[[ DATA UNDER STUDY, beginning ]]
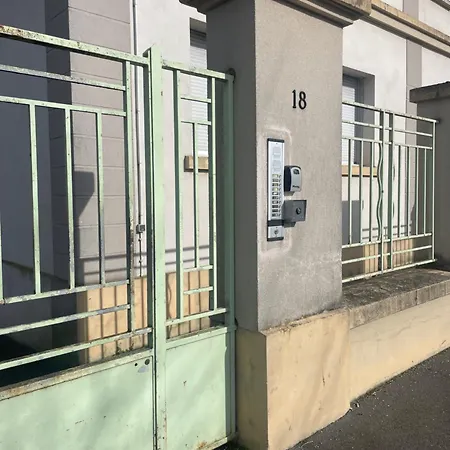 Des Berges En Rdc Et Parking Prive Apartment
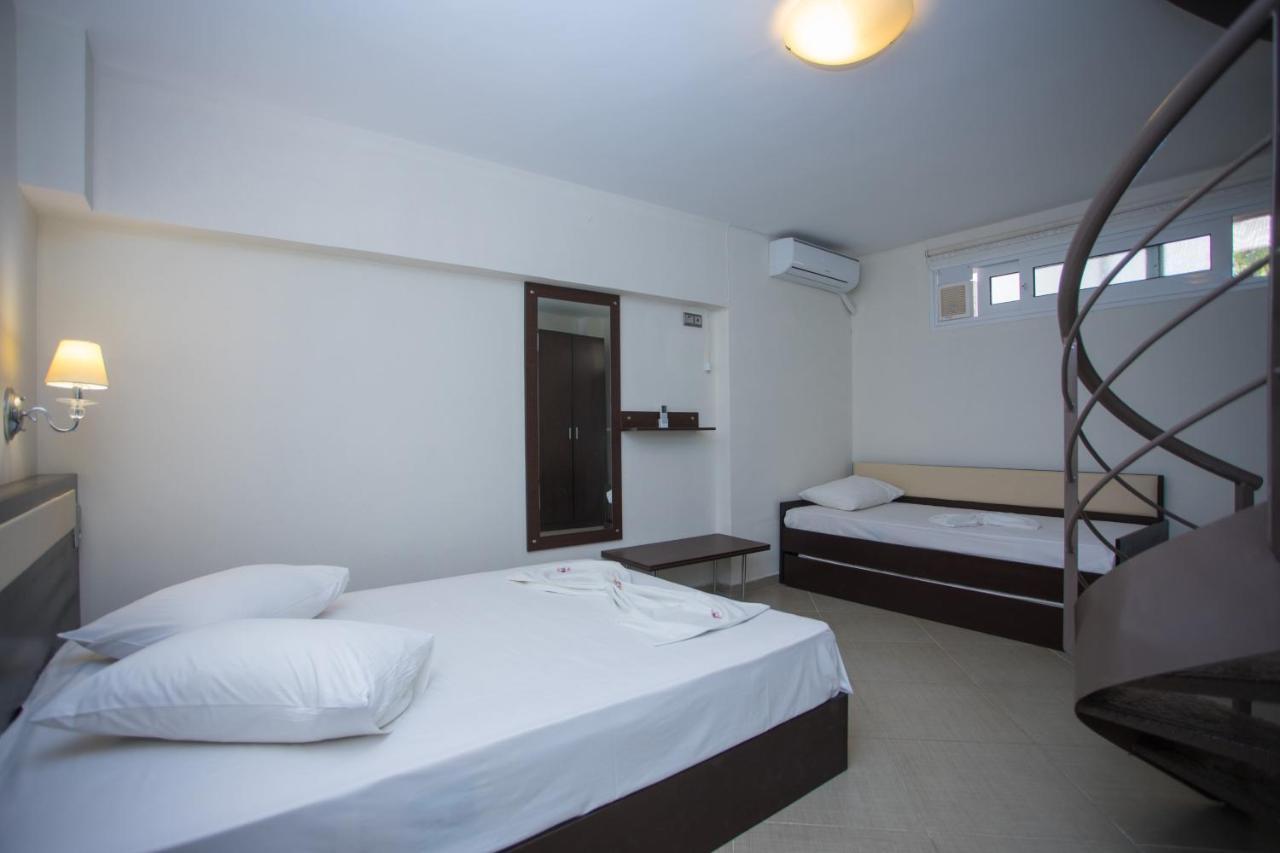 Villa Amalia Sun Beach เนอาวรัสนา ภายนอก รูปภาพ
[[ DATA UNDER STUDY, end ]]
[[ DATA UNDER STUDY, beginning ]]
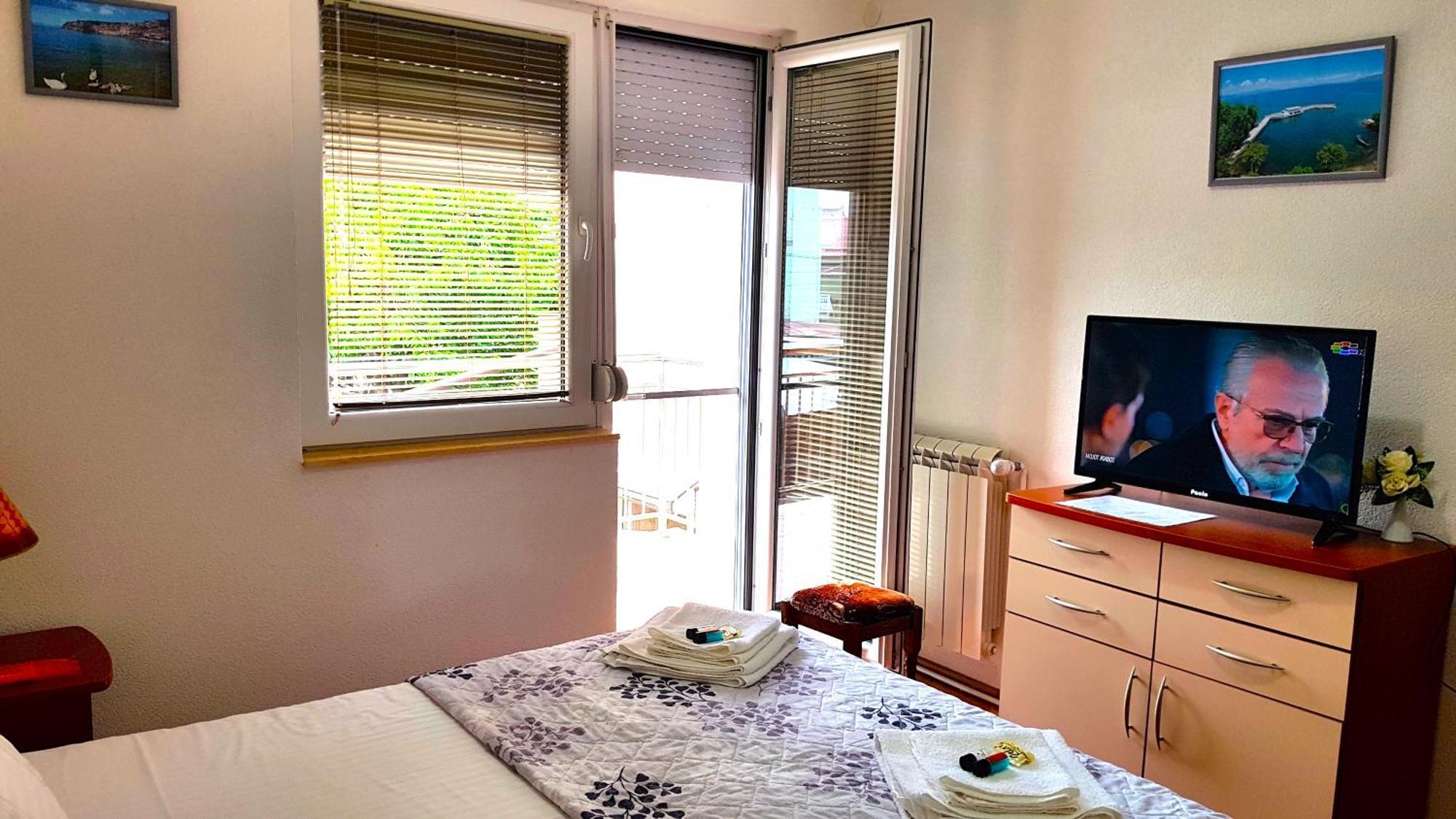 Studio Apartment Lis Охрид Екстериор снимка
[[ DATA UNDER STUDY, end ]]
[[ DATA UNDER STUDY, beginning ]]
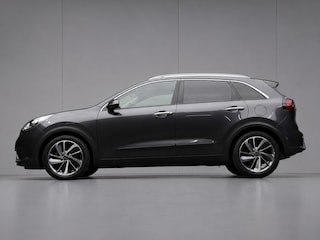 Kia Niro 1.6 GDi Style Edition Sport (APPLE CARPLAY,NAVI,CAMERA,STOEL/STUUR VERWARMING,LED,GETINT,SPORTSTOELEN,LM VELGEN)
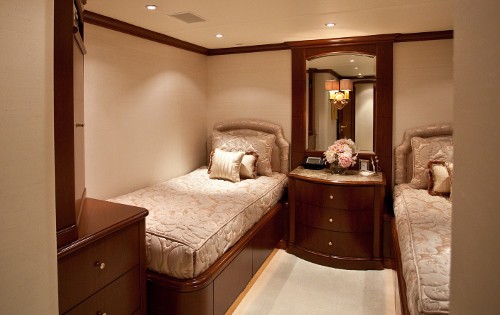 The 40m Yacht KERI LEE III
[[ DATA UNDER STUDY, end ]]
WHAT THE TASK ASKS
Leaving out each picture, repeat exactly the lines above from the one that contains "Des Berges En Rdc Et Parking Prive Apartment" through the one that contains "Villa Amalia Sun".

ANSWER SECTION
 Des Berges En Rdc Et Parking Prive Apartment
 Villa Amalia Sun Beach เนอาวรัสนา ภายนอก รูปภาพ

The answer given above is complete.